Evangelical Church: Between Politics and Bible Exegesis: Church Congress ends

Protestant church
Between Politics and Bible Exegesis: Church Congress ends

After five days full of political statements and Bible studies, the Kirchentag in Nuremberg is coming to an end. photo

© Pia Bayer/dpa

Debates about climate and growth, about war and peace. A highly political Kirchentag ends in Nuremberg – and one in which some things were different than usual.

A Federal President who thinks about how water becomes wine. A CDU leader who wonders how things will continue after death – and a Bavarian Prime Minister who sees “”Good times, bad times” in the Bible” in the Bible story about Joseph and his brothers.

Top politicians also used the Evangelical Church Congress in Nuremberg, which drew around 70,000 visitors, to formulate their religious thoughts. One more, the other much less well-founded. However, the Kirchentag will not be remembered because the politicians showed their religious side – but the Protestant Church presented itself explicitly politically and very differently from what is known of it.

The Russian war of aggression in Ukraine, the AfD’s high in polls, climate change: the Kirchentag makes all of this an issue and gives top politicians plenty of room to do the same.

Approval for Scholz, Baerbock and Merz

Chancellor Olaf Scholz (SPD) and Foreign Minister Annalena Baerbock (Greens) defend the asylum compromise and their foreign policy in the Russian war of aggression, CDU leader Friedrich Merz is clearly opposed to any form of appeasement policy towards Russia. All three received a lot of applause on Saturday – just like the day before the Inspector General of the Bundeswehr, Carsten Breuer, with his expected clear yes to arms deliveries to the war zone.

“I waited with a trembling heart to see how he would be greeted,” said Church Congress President Thomas de Maizière on Sunday at the end of the five-day event. The Kirchentag audience is traditionally considered to be pacifist. The fact that Breuer was also greeted with applause speaks for the open and respectful climate of discussion.

Some politicians might have been booed earlier, says the General Secretary of the Kirchentag, Kristin Jahn. “Maybe it’s good that something is changing.” Because the social challenges are great and need cooperation and not competition.

Former Federal President Joachim Gauck takes up this in a discussion with Baerbock and emphasizes that pacifism is a wonderful idea. “Unfortunately, I had to learn that we were sometimes in a romantic bubble,” he says, and “that there is a difference between our beautiful visions and wishes and what is politically feasible.” He emphasizes: “Of course you have to help the victim. What else?” He sees it like Baerbock, who says: “For me, standing on the attacker’s side is not an option.”

Climate crisis as a “turning point”

The great challenge of climate change also gets a lot of space at the Kirchentag: The activist Luisa Neubauer is a guest and is almost celebrated in the old walls of the St. Sebald Church. And Carla Hinrichs from the Last Generation group is sitting on the podium together with Economics Minister Robert Habeck (Greens).

The climate crisis is a “turning point” for Prime Minister Winfried Kretschmann (Greens) from Baden-Württemberg. He, too, masters the balancing act between Bible exegesis and political message and leaves his audience quite hopeful despite the challenges posed by climate change: “The time will come – the time has already come.”

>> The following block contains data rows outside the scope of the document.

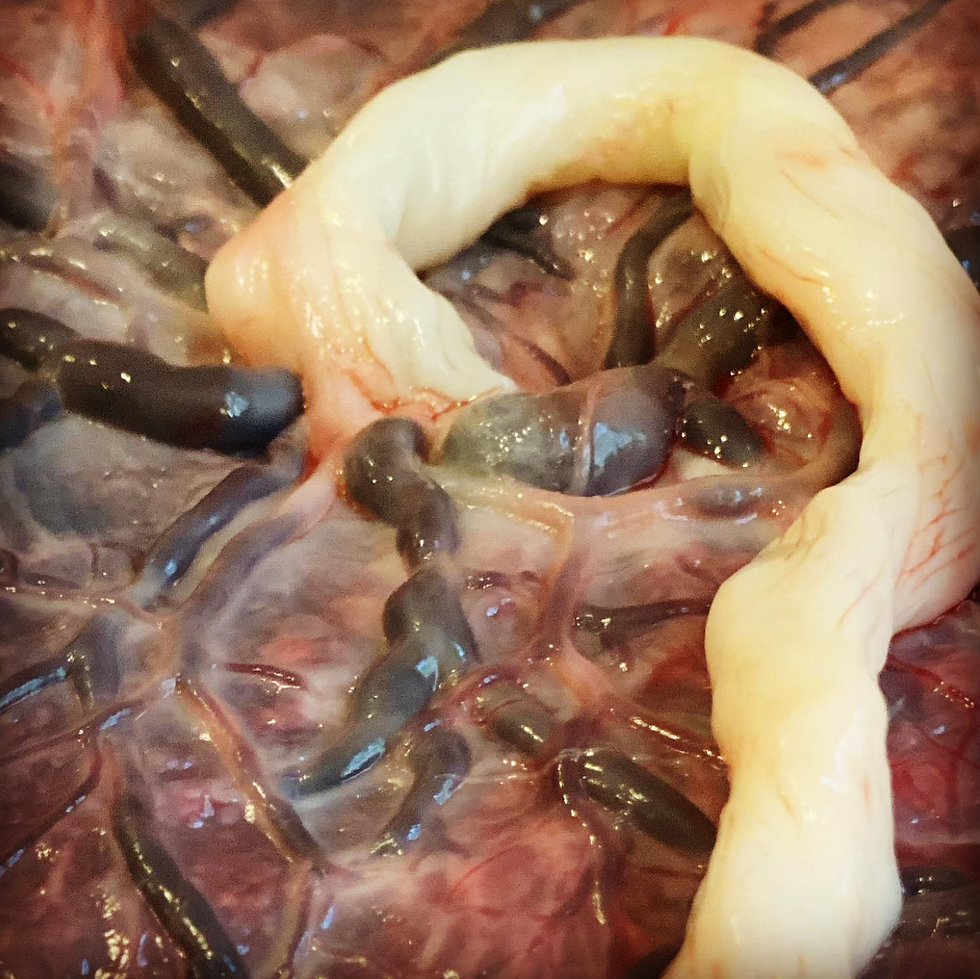 placenta, umbilical cord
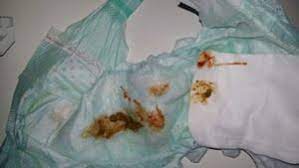 Blut Im Stuhl Bei Baby 5 Monate Forum Baby Urbia De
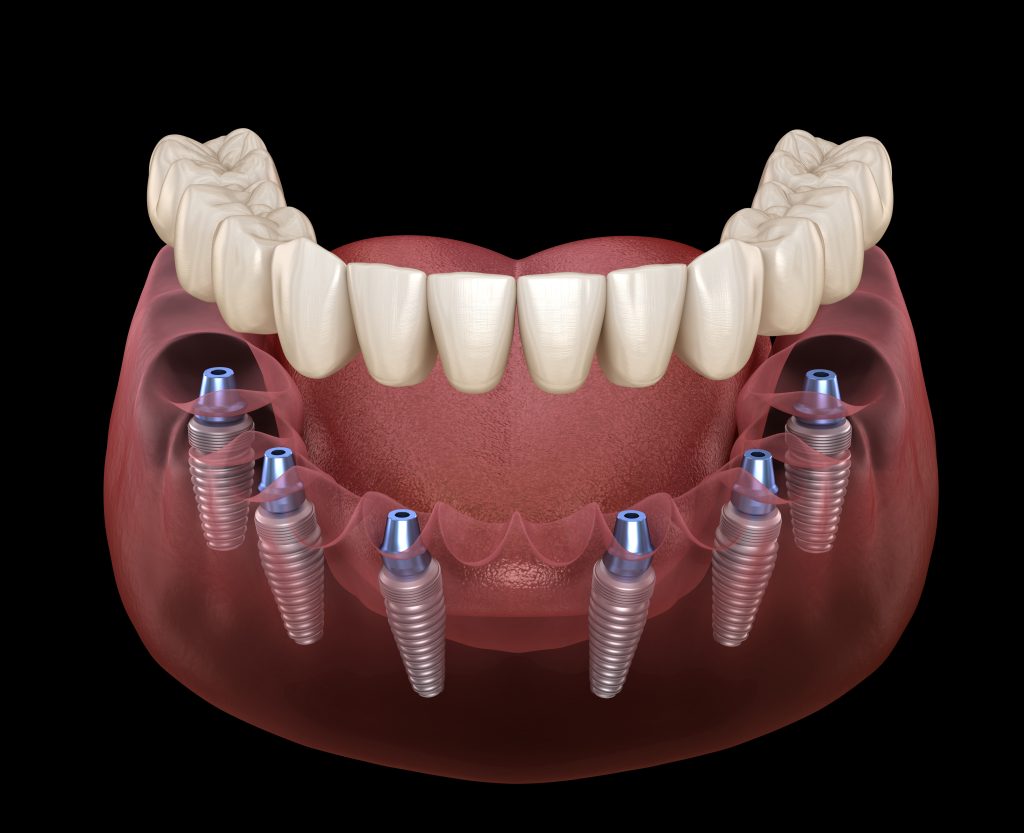 Illustrative example of all on 6 dental implants from Google Search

Of course, the chancellor feels visibly more comfortable when the subject of church and faith is dealt with and he doesn’t have to say much about it: He was baptized as a Protestant and left, he doesn’t like to explain his motives. Only this much: He has read the Bible in its entirety and thinks that people’s cultural thinking is shaped by it.

The number of events on the subject of abuse in the Protestant Church is comparatively small – and so is the interest in the main event on the subject, at least at first glance. Most of the seats in the hall remain empty for the panel discussion entitled “Calling abuse by its name”.

In the end, Church Congress President de Maizière and Heinrich Bedford Strohm, Bishop of the host Bavarian state church, were extremely satisfied: “The mood was relaxed, hearts were open, minds were clear,” says de Maizière. “If we succeed in dealing with the difficult and contentious issues in this way, then this Church Congress has served our country.”

The next Evangelical Church Congress is planned in Hanover in two years’ time.